Insurers use it because they have found it correlates with future claims. It is one of several factors that can feed into your premium, alongside things like your coverage history and the item being insured.
How it affects your rates
In states that allow it, your insurance score can move your premium in either direction.
| Score strength | Likely effect on premium |
|---|---|
| Stronger score | Can lower auto and home premiums |
| Weaker score | Can raise auto and home premiums |
Because some states restrict or prohibit the use of insurance scores, the size of this effect depends heavily on where you live. In a state that limits it, your score may matter little or not at all.
How it differs from a credit score
It is easy to confuse the two, since they draw on similar data, but they answer different questions.
- A credit score predicts how likely you are to repay borrowed money.
- An insurance score predicts how likely you are to file an insurance claim.
They use overlapping information but are calculated differently and for different purposes. A strong credit score often goes hand in hand with a strong insurance score, but they are not interchangeable numbers.
How to improve it
Because an insurance score leans on your credit profile, the habits that build healthy credit tend to help here too.
- Pay your bills on time, since payment history is influential.
- Keep balances low relative to your available credit.
- Avoid unnecessary new accounts opened all at once.
Improvements generally show up over time rather than overnight, so steady habits matter more than any single quick move.
Frequently asked questions
Does my credit affect my insurance rates?
In states that allow it, yes.
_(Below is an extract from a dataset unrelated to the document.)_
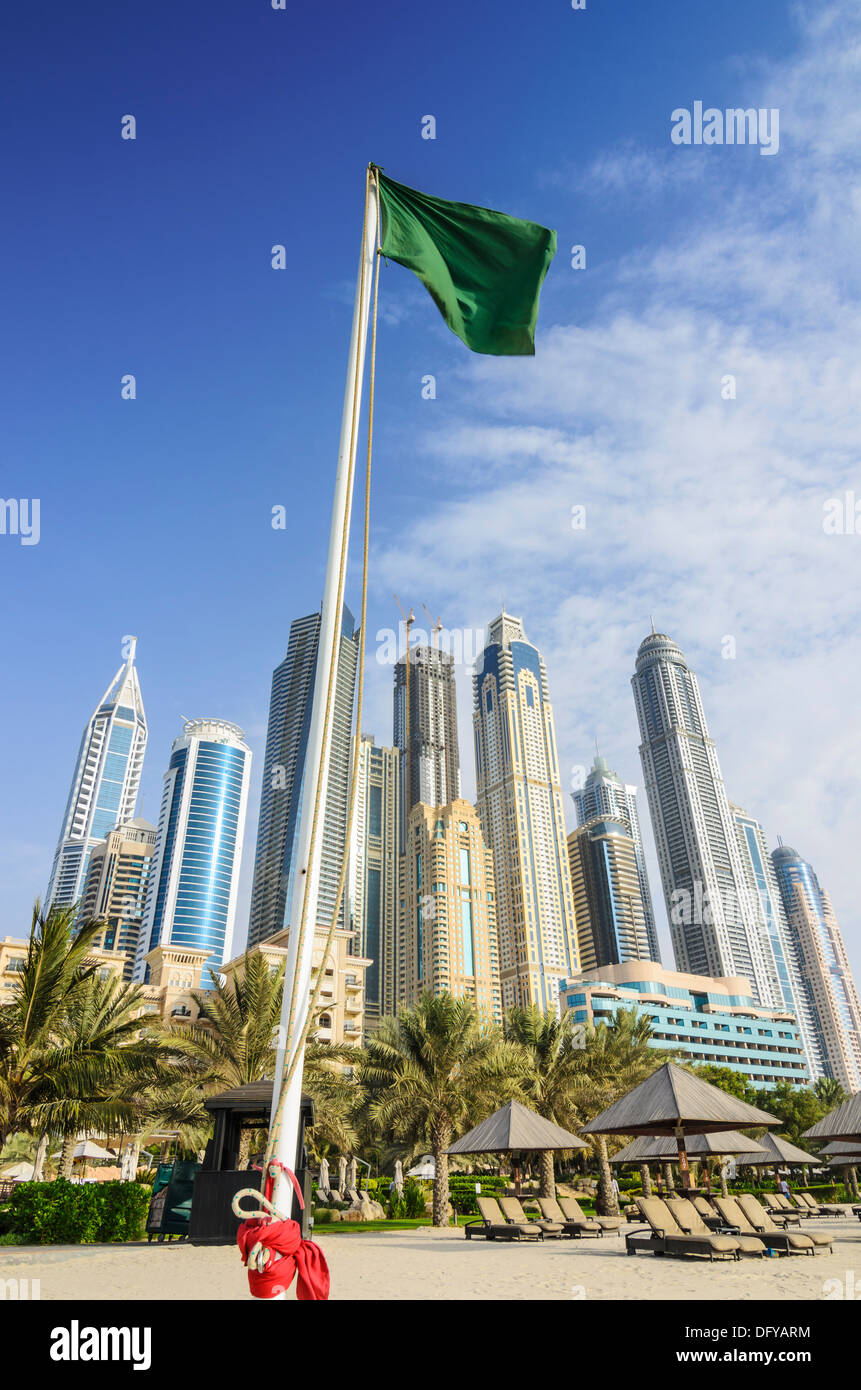Gratte-ciel de Dubaï Marina tower au-dessus d'un drapeau vert sur la plage de l'hôtel Westin Dubai Mina Seyahi Beach Resort Hotel, Dubai Banque D'Images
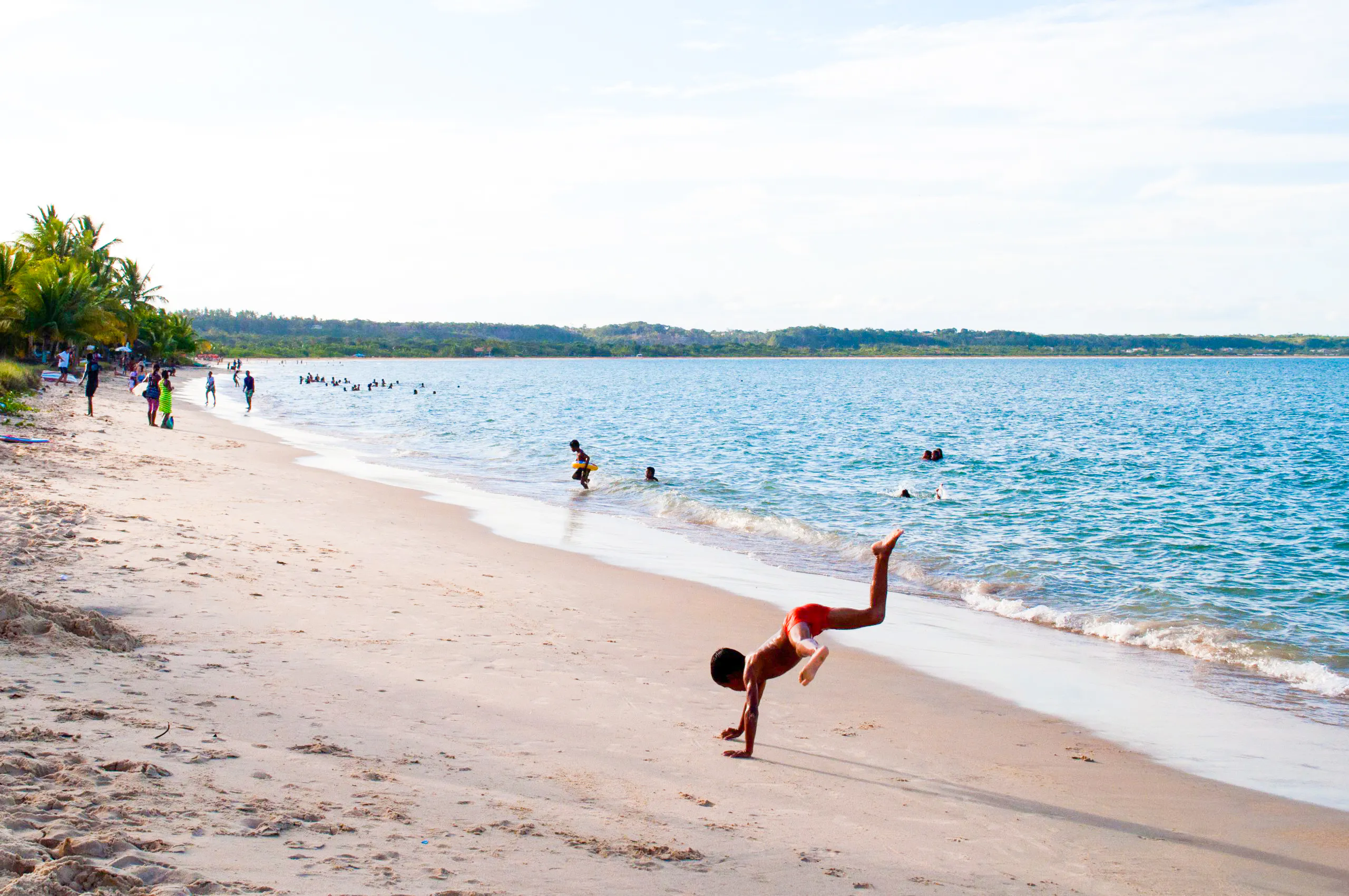 Child playing on Coroa Vermelha beach, Porto Seguro, with people swimming in the ocean.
Many insurers use a credit-based insurance score that can lower premiums when it is strong and raise them when it is weak. Some states restrict or prohibit this, so it varies by location.
Is an insurance score the same as a credit score?
No. They use similar data but answer different questions. A credit score predicts how likely you are to repay debt, while an insurance score predicts how likely you are to file a claim.
How can I improve my insurance score?
The same habits that build credit help: pay on time, keep balances low, and avoid opening unnecessary new accounts. Improvements tend to show up gradually rather than overnight.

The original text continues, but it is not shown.